Just to reiterate on our expectations from the proposed resetTextSegments method of the TextFragment – we want it to just reset the text segments’ text to an empty string while ensuring that the number of the text segments in the underlying TextSegmentCollection of the TextFragment is left intact.
Thanks
@athota
Sure, we have recorded your concerns and will definitely consider them during feature implementation.
Could you also provide a release timeline for this feature implementation even if tentative ? Would help us plan at our end.
Thanks
@athota
We regret that we cannot provide any ETA or tentative timeline for the ticket to be resolved as it has low priority and will be taken care of on first come first serve basis. However, we have recorded your concerns and will definitely consider them while implementing the feature. As soon as we have any update regarding feature availability, we will share it with you.

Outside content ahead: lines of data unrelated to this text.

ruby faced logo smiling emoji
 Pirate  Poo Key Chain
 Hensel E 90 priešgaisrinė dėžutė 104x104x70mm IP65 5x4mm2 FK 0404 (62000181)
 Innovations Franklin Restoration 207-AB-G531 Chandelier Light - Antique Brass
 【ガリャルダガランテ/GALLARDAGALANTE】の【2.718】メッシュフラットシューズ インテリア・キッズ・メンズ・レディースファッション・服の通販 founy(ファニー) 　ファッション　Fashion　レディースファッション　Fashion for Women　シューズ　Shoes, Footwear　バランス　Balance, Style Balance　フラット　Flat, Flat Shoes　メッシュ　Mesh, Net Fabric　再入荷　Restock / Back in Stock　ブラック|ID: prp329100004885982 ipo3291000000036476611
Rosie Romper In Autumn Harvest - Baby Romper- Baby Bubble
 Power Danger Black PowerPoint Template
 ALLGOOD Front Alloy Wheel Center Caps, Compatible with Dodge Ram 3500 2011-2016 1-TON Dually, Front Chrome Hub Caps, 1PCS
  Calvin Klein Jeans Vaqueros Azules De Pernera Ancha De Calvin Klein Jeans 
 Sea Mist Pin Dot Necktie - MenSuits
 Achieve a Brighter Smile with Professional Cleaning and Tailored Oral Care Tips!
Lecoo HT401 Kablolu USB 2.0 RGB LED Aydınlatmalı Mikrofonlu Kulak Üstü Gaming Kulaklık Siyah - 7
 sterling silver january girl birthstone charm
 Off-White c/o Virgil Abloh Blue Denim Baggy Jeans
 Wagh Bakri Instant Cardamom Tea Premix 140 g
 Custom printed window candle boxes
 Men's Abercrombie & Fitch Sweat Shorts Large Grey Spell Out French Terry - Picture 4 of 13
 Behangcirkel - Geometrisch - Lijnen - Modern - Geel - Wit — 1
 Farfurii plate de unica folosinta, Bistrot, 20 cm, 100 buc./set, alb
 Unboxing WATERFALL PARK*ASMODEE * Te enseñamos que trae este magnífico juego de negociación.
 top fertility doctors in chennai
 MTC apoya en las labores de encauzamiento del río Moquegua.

Please spare us some time.
The ticket is planned to be processed after release of Aspose.PDF for Java 19.7. Once working on the ticket is started, we will be in position to share some expected timeline for this feature to be available. We really appreciate your cooperation and patience and in this matter. Please spare us some time.
We are sorry for the inconvenience.
Hi @asad.ali
Could you please let us know the latest on PDFJAVA-38701 ? Can we expect it’s delivery in this month’s release ?
Thanks
@athota
Investigation is still underway. Please note that required feature needs implementation of new modules and modifications in existing internal components of the API. Hence, the investigation is taking some time. We will let you know as soon as it is completed and share an ETA with you as soon as we have some results. Please spare us little time.
Hi @asad.ali
I see that the status of the linked ticket PDFJAVA-38701 has changed to Feedback. Could you please elaborate on what we can expect ?
Thanks
@athota
The issue status is feedback currently because required feature needs internal implementations and separate tasks have been created for that upon which the main ticket is dependent. Feedback means, this ticket is in waiting queue to get feedback from those internal tasks. As soon as the ticket is resolved, we will let you know. Please spare us little time.